Wednesday, October 12, 2016
Pygmy Blue Tongue Lizard
Australia’s Blue Tongue Lizards
Have tongues of brilliant blue
But the smallest of this Genus
Has a tongue of different hue
Rediscovered at Tiliqua
After decades thought extinct
In a trapdoor spider’s burrow
A pink tongued blue tongue skink
They live in spider burrows
In grassland never ploughed
And you can see them if you’re patient
And your voice is not too loud
A pink tongued Blue Tongue Lizard! I would like to see that. We had a great day out on the annual "lizard crawl" hosted by the Nature Foundation SA on Tiliqua Station near Burra. Here we got to see first hand these delightful but endangered small lizards that were thought to be extinct for decades before being rediscovered in 1992. Tiliqua adelaidensis is a fascinating small lizard that sets up home in an abandoned spiders hole in which it spends the rest of it's life. It only ventures out for small feeding forays on unwary insects before returning home. They're definitely homebodies but home selection is tricky. You wouldn't want to head into a Trapdoor Spider or Wolf-spiders lair while the occupant was still there. Thank goodness for spider eating predators creating many abandoned houses.
Pygmy Blue Tongues were once common in the native grasslands in South Australia's mid-north but unfortunately for them this is prime cropping land. You can only imagine what the plough did to the millions of Pygmy Blue Tongues living out their sedentary lives in their spider borrows. Or to the spiders needed to dig fresh burrows. But not all areas were ploughed and rocky outcrops and other untouched grassy areas provided a refuge for the lucky few and the species has persisted. Just! The fragmented habitat is not ideal but a recovery programme is underway and a good understanding of where they are gives hope to a sustainable recovery.
The Pygmy Blue Tongue is very cool.

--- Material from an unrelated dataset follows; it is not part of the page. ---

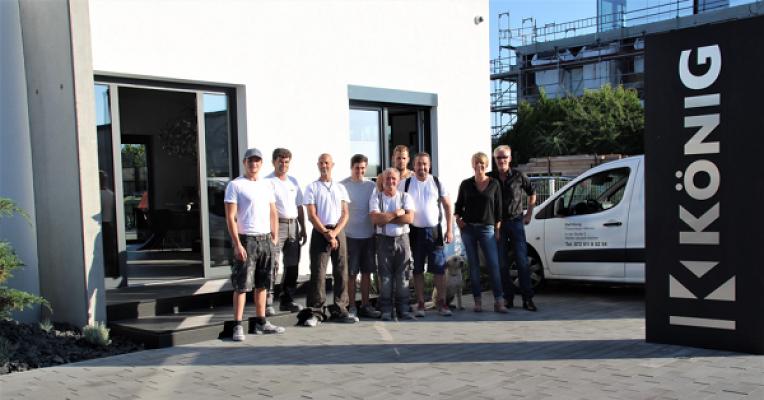 König Ralf Fliesenlegermeister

If you look hard into the burrow you will see the sharp yellow eyes in the shielded head looking back at you. And if you are really lucky you may see one venture out of the burrow to gobble up an insect. Or you can go fishing for them. A wriggling mealy worm on the end of a fishing line dangled from a rod is simply irresistible to a hungry lizard. Or to a greedy one for that matter! The ones we saw on the lizard crawl were sleek and fat and maybe getting just a few too many mealy worms.
Wednesday, April 27, 2016
Climate Change
It’s hot and getting hotter
And there’s little we can do
As our ecosystems totter
And we sit at home and stew
Do we rage against the greed
That has delivered us this mess
Or should we consider what we need
And tone down our own excess
As one of 7 billion
Is there really any point
To curb our wicked ways
While the others trash the joint
The problem with this thinking
Is that no one takes a stand
But we can slow the global sinking
If we work hard hand in hand
Behave not as others do
But as you wish they would
It is not what you can do
But about what we all could
What does it really mean to be stewards of the world? Spare
a thought for the animals living with consequences of our actions and you may get an inkling. I recently had a discussion about this with a religious friend
with a human-centric point of view. He truly believed that the
planet and its resources were created and gifted to us by God. He felt that we must be grateful for our gifts and be
responsible stewards but humans should and must come first. He was not overly worried about climate change.
The problem with this thinking is how much can we take? Obviously there comes a point where the natural systems that sustain
us will collapse if we take too much. This is the point which we go beyond at our peril. It unfortunately looks like we have reached this point even if we are not quite at the point of no return. What does it take to shake people out of their complacency? Even the news that 93% of the Great Barrier Reef is bleached is of not real concern to most people, or the collapse of world fisheries, or the global loss of biodiversity. They simply don't get it. They don't understand that the collapse of the natural world heralds our own demise. We can still retreat from the precipice but there are few signs of it happening. It's time we took this seriously.